Given records:
■ ■ ■ ■
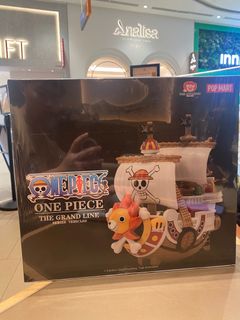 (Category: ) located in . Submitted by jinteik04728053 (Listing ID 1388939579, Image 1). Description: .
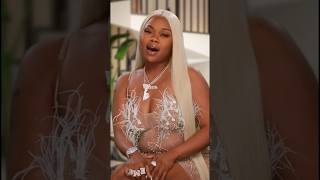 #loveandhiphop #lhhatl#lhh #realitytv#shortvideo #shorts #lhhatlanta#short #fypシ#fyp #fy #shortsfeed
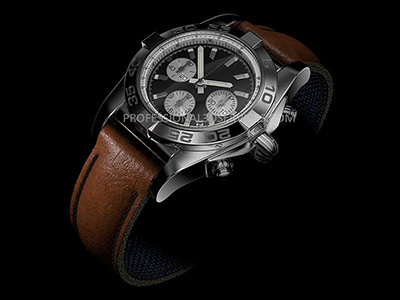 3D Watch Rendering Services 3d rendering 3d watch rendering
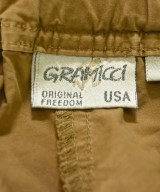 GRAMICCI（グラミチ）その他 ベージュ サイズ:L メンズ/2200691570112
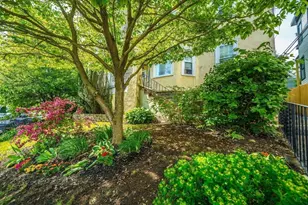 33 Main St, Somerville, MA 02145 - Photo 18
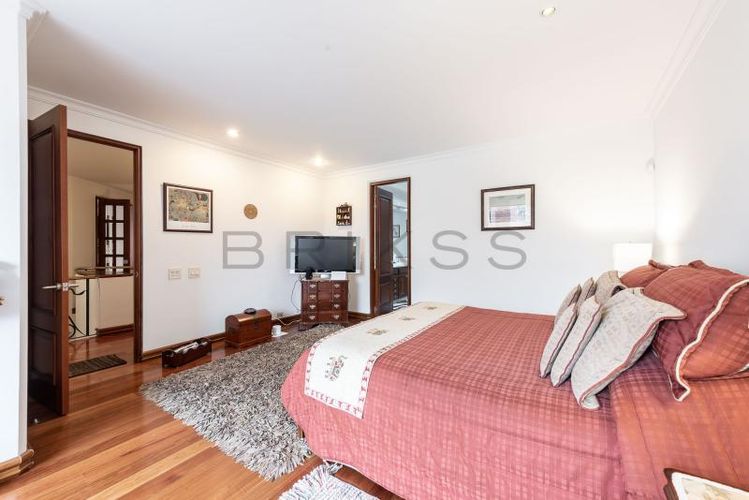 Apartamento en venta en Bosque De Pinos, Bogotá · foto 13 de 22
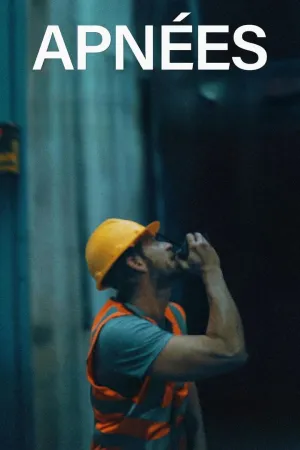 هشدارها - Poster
■ ■ ■ ■
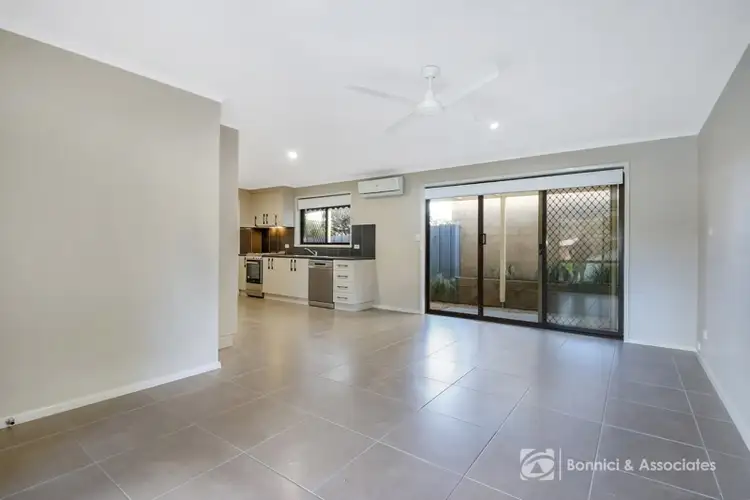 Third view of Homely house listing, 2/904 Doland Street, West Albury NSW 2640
■ ■ ■ ■
Exercise prompt:
Only the lines starting at the one that includes "(Category: ) located" and ending at the one that includes "هشدارها - Poster" should be retyped, exactly, from the records above; no pictures.

Written response:
 (Category: ) located in . Submitted by jinteik04728053 (Listing ID 1388939579, Image 1). Description: .
 #loveandhiphop #lhhatl#lhh #realitytv#shortvideo #shorts #lhhatlanta#short #fypシ#fyp #fy #shortsfeed
 3D Watch Rendering Services 3d rendering 3d watch rendering
 GRAMICCI（グラミチ）その他 ベージュ サイズ:L メンズ/2200691570112
 33 Main St, Somerville, MA 02145 - Photo 18
 Apartamento en venta en Bosque De Pinos, Bogotá · foto 13 de 22
 هشدارها - Poster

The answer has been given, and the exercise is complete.